As part of her commitment, Ms Ullmann will travel rough on aircraft transporting grain, medicines and other emergency aid being airlifted to areas affected by famine and malnutritional ailments. Ms Ullmann has said that she is happy whenever she sees a smile breaking and then spreading on these children’s faces, happy when she notices them regaining hope in their own survival.
On her mission of mercy, Ms Ullmann will visit a select number of feeding centres and refugee-related projects in the continent, which is said to contain the world’s largest war-displaced population.
6
Duniya wakes from a dream in which Bosaaso tells her a story. She has morning conversations with Nasiiba and Mataan. And she is lent an article from yesterday’s national newspaper.
Duniya woke to a door being unbolted loudly An instant later she heard a jaw-breaking yawn, then footsteps approaching and going away Then the window overlooking the road was flung open, and the heat of the morning sun strode into the room. A blast of warmth licked the exposed part of Duniya’s face, scorching it.
“Time to get up, Mummy,” Nasiiba said.
Now why was Nasiiba up and about so early earlier than her twin brother who had earned for himself the nickname “house-hold alarm”? And why was she insisting that the rest of the world wake up?

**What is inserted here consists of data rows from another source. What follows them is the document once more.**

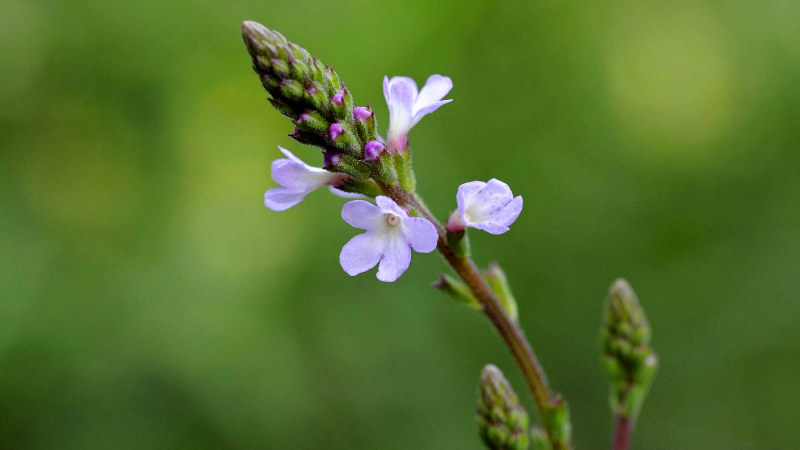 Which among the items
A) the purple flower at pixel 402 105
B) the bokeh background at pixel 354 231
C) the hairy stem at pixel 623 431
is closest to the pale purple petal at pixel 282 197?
the purple flower at pixel 402 105

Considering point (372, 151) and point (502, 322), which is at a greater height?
point (372, 151)

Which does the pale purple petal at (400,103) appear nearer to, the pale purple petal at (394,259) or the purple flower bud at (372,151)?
the purple flower bud at (372,151)

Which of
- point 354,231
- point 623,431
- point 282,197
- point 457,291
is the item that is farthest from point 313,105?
point 354,231

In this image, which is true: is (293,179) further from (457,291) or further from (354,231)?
(354,231)

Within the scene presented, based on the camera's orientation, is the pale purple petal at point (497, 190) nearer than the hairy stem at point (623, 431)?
Yes

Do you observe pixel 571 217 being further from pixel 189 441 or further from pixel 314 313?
pixel 189 441

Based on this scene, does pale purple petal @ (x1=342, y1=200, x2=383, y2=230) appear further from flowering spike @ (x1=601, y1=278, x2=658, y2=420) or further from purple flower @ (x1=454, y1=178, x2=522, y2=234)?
flowering spike @ (x1=601, y1=278, x2=658, y2=420) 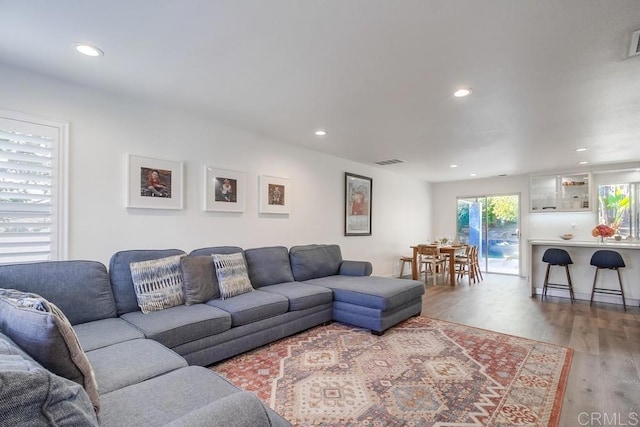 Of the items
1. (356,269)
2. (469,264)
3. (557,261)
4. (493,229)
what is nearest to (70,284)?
(356,269)

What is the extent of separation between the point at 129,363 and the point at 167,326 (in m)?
0.64

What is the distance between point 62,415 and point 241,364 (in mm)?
2048

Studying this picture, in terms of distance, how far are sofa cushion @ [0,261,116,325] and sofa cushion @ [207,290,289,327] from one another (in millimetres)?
840

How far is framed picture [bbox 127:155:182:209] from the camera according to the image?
2.94 metres

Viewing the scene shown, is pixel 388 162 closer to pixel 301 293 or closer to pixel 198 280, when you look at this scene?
pixel 301 293

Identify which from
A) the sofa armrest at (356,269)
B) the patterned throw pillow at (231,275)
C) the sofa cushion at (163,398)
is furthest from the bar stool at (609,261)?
the sofa cushion at (163,398)

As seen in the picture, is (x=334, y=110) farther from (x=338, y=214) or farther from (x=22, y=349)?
(x=22, y=349)

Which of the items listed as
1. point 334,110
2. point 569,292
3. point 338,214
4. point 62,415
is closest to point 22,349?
point 62,415

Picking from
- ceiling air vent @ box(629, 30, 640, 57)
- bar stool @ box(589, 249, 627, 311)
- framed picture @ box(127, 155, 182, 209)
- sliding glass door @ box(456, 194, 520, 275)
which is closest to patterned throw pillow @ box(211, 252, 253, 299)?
framed picture @ box(127, 155, 182, 209)

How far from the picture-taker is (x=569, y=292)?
16.5 ft

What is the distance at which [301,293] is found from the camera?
3.34 metres

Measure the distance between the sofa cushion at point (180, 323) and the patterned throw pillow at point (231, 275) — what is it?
0.36 meters

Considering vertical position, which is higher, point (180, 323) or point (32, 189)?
point (32, 189)

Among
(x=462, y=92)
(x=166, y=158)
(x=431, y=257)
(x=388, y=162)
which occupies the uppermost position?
(x=462, y=92) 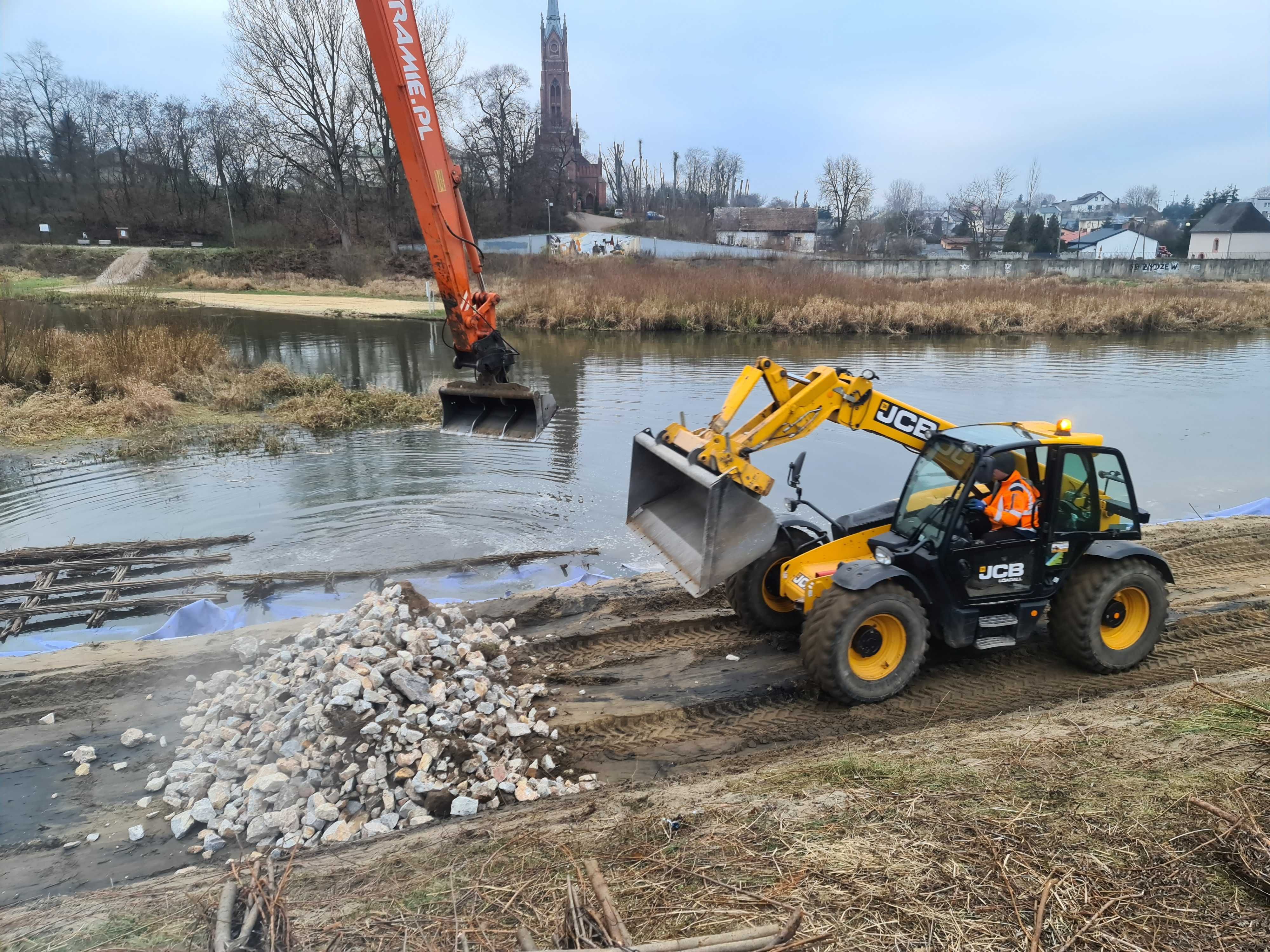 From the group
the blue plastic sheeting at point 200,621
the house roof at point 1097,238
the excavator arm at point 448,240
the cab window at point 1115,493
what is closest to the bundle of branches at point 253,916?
the blue plastic sheeting at point 200,621

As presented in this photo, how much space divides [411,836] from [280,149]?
52744 millimetres

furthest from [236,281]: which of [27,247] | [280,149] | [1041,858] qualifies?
[1041,858]

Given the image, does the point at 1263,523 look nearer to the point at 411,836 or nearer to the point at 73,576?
the point at 411,836

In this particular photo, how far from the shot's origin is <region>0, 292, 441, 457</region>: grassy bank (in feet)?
42.7

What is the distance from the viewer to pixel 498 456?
1226cm

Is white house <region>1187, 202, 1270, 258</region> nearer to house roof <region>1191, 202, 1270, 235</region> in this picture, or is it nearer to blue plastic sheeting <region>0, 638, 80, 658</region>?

“Shake off the sloth of sleep, Mummy Up,” Nasiiba sang.
Duniya did not stir.
“What’s the matter with everyone today?”
The sun felt hot, no longer in its infancy. Duniya wished she could cling to the comfort of sleep a little longer and resume her interrupted dream. But that wasn’t to be. Nasiiba was making a noisy point of the fact that she had risen before either her mother or brother, though she had been the last to go to bed. Duniya wondered if her daughter had butterflies in her insides about something — was this the reason?
“Mummy?”
“No,” Duniya replied. The word came out of its own accord.
“What are you talking about? No what?” Nasiiba asked.
How inconsiderate of the young to think only of themselves, Duniya thought. She recalled the Somali proverb that says your offspring are not your parents — the children’s thoughtfulness is a shallow well whose bounty runs out fast.
“I want to tell you something,” said Nasiiba, sounding urgent.
Duniya wasn’t interested in being told anything.
“It won’t take long, I promise.”
Duniya wasn’t interested.
“Open your eyes and listen to me.”
“No,” Duniya replied.
“You are in a negative mood today.”
Duniya said nothing.
“It’s very important that I tell you something, Mummy.”
Duniya lay quiet and unmoving. One of her ears was beginning to fill with air, causing a little pain; the other ear failed to hear anything as though suffering a momentary attack of Meniere’s disease. Her body slipped briefly into that ambiguous zone between sloth and sleep as she remembered her dream, in which Bosaaso told her how his late wife was resurrected from the dead, and she saw a baby clutching a lone flower tightly in its long-nailed fingers. The baby had been born without an anus and, there being no experienced surgeon in the city to perforate one for it, it had died, with no one mourning it.